Matt: And, like, sure, I think a lot of people who, like, passed through there and worked there did identify as EAs. And like, a lot of this stuff points in the same direction. But it wasn't like, you know, Will MacAskill and Toby Ord, like, how do we do the most good? We set up FHI. Oh, FHI already exists and they might have some ideas that we should pick up. And so, yeah, there was definitely this, like, confluence and things like that. But, yeah, I think a lot of people have kind of said good riddance in part because, yeah, like, I guess mostly because of, like, other things that Bostrom has written and said, you know, which you can go and look that up on the EA forum or whatever.
But, you know, I think we, in our jobs, just know many of the dozens of researchers who've like, passed through FHI and produced really good and valuable work, including like one of our favourite books to recommend to people is The Precipice, which I guess gets billed as sort of an FHI production. Toby Ord, who wrote The Precipice, was there for a long time and it's like, wow, really? I think the Guardian piece in particular is kind of telling, is because the two things they cite for Bostrom were both pre existence of FHI kind of papers and comments that he had made saying, good riddance to this, the word they use, eugenicist institution, because of these things that Bostrom had said earlier.
Anyway, this is a lot of wind up to say objections to ideas in the realm of EA and utilitarianism and things like that I guess kind of going off and coming from a very different place. And I don't know what you guys kind of make of these. Like, oh, there's some squeamish trade offs that utilitarians would make or questions that utilitarians would ask and comment on that shouldn't be commented on as like a category of objection that like people should take more or less seriously. I think they probably shouldn't take it very seriously.
Huon: You mentioned a specific class of objection here, which is like, if utilitarians are talking about stuff that would normally be seen as taboo, but they're not actually endorsing it, they're just like running it through their own calculus and trying to weigh the pros and cons. How much should that be a valid critique? And I kind of want to say that it is a valid critique, or at least if you're on the outside and you don't have a tonne of context, most of the people that you go out and see in the world who are weighing the pros and cons of eugenics, they're probably bad people that you shouldn't pay much attention to. It's just a pretty good heuristic. And I think you wanted to talk about some of this question of the offence defence. Balance in critiques versus building stuff up plays right into it.
Like, there's so much stuff to read, so much stuff that you could be paying attention to. You're always trying to figure out what not to pay attention to. And I think that this kind of thing is just like, I don't think people are making a mistake if they see something that is on the face of it, bad being. Having its prose discussed and then being like, probably that person is not worth listening to because they're violating a taboo.
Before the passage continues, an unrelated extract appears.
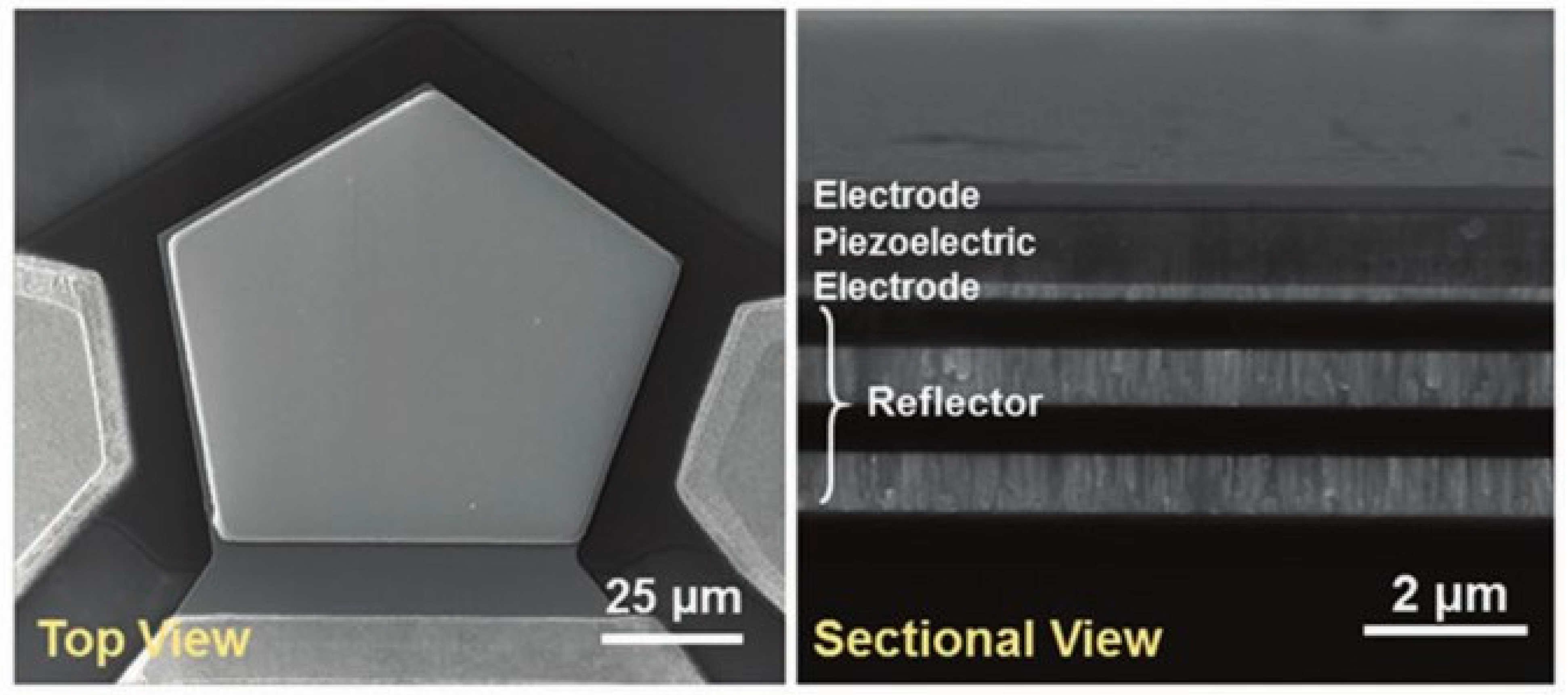 Micromachines 12 00724 g012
That's just like a good enough reason to not engage further.
Matt: Yeah, I guess, like thank you for helping me, by the way, Huon, talk about something more conceptual and more interesting. Yeah. The offence defence balance. Most ideas are bad, right? That's just a true thing. I think that we kind of like how many potential ideas, most experienced by human minds. Ideas just like won't achieve very much in the world, won't be worth engaging with for most people. I mean, you have hundreds and hundreds of errant kind of thoughts a day, right? And most of them aren't even worth uttering, you know, much less like taking action on the basis of or like convincing any number of people outside yourself of. And I think like, the ratio might change as people like, put things on the Internet and like say things on podcasts, but it doesn't, like, the sign doesn't flip.
Like, it doesn't seem like most ideas are good, especially in the whole space of all people talking about all things at all times. And so what people might do is my suggestion in our doc is like, look for reasons not to think further about some proposed idea in front of them. And one reason not to think further is association with some other idea that I've rejected, however loose. Association with some person that I've already rejected, however loose. Well, actually, wait, Conor, you have a rule that is almost the opposite of the rule that I laid out. Rule number 37 from tips for a better life by Conor Barnes. Foolish people are right about most things.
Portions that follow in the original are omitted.